Démarche

Ce qui advient (3), détail gravure au burin, 2018

Au départ …

Il y a ce goût pour le corps, la peau, la chair, les bribes, les cicatrices et plis secrets, mémoires invisibles et indélébiles. C'est ce qui me porte et me pousse dans mes recherches : les traces du temps sur le vivant.

Souvent ombres et lumières se cherchent, se parlent…

Dire sans dire, montrer sans montrer, changer d'espace, d'échelle.

 

Graver, dessiner

Pour moi graver c'est un peu se perdre pour se trouver.

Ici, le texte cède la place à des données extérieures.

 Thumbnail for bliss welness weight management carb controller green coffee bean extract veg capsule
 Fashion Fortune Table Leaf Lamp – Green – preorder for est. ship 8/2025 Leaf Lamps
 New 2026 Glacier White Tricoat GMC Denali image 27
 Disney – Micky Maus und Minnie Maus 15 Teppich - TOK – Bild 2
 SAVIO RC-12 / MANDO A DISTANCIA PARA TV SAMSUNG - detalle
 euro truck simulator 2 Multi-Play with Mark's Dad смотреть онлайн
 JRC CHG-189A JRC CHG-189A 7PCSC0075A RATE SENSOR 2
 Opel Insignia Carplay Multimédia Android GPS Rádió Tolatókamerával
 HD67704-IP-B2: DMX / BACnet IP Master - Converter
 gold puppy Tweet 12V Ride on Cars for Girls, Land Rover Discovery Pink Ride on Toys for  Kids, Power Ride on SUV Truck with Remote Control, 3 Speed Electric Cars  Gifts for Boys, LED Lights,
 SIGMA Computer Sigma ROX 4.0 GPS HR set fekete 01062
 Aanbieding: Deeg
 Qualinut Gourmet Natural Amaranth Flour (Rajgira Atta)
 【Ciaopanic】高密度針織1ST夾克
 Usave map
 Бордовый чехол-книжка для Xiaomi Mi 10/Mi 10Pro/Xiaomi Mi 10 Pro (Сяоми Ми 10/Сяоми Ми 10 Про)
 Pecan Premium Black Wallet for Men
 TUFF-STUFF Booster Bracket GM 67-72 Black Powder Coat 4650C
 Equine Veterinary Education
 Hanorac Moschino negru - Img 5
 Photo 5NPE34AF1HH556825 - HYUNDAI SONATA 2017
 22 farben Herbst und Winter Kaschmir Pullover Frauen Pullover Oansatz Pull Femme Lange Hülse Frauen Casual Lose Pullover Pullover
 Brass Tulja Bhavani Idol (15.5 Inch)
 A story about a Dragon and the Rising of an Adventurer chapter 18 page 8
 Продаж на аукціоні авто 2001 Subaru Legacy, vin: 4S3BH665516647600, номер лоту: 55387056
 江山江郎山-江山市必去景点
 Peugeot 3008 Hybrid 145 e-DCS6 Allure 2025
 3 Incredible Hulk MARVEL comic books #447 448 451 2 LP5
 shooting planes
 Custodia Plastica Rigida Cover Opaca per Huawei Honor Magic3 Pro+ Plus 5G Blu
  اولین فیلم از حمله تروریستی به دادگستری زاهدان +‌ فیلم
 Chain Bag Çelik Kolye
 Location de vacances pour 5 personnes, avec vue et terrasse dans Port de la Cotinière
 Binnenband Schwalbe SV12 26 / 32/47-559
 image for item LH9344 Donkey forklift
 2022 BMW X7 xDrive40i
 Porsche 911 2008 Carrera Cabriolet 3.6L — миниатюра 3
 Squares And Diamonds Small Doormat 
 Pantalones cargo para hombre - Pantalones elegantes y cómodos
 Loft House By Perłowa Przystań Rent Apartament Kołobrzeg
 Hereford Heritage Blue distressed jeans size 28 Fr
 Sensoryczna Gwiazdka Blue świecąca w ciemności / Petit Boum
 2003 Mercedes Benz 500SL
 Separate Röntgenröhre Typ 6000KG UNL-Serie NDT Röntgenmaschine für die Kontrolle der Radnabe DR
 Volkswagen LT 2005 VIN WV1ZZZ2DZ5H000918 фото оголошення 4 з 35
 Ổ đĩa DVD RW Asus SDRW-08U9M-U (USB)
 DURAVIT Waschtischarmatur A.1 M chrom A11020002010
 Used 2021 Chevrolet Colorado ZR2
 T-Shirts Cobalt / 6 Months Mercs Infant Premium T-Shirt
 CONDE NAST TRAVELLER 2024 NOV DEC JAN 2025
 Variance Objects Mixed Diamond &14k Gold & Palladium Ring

La gravure au burin m’apporte ceci de précieux : la conjugaison de la lenteur et de l’urgence, mariage improbable qui, comme un révélateur, amène à un dépassement de soi. Urgence des formes qui demandent à naître, laisser trace.

Vivre dans le sentiment que tout est décousu et pourtant lié, inexorablement .

Le temps glisse. La surprise de vivre m’étreint.

La dualité comme terreau.

La lenteur choisie de la gravure au burin amène à un mûrissement souterrain de tout cela, impossible à anticiper. Il y a des gestes concis, parfois minuscules, ou au contraire amples, toujours un voyage dans le temps, les sens en éveil.

Travail en aveugle, des mois sans savoir, car je ne réalise aucune épreuve tant que la suite de gravures en cours n’est pas terminée, tant que je n’ai pas épuisé ce que je devais donner et que j'ignorais.

Et puis, le pincement au cœur, indispensable indice que ce miroir qu’est l’estampe est prêt pour aller à la rencontre d’autres regards.

Le dessin offre une autre temporalité, permet une rapidité d’exécution dans un geste primal. Dans tous les cas, il s’agit de s’approcher au plus près de l’essentiel, du fugace, de l’indicible.

Microcosme et macrocosme sont au cœur de tout mon travail. Les incisions précises du burin guident vers l’infime et l’intime, grâce au temps long de l’écriture dans la chair du cuivre. Le geste libéré du dessin impose la lecture de fragments d’un monde éclaté.

Tout est mouvement, tout est en suspens. L’espace et le temps sont révolus. Organique et minéral se conjuguent, dans la quête de faire corps avec l’infini.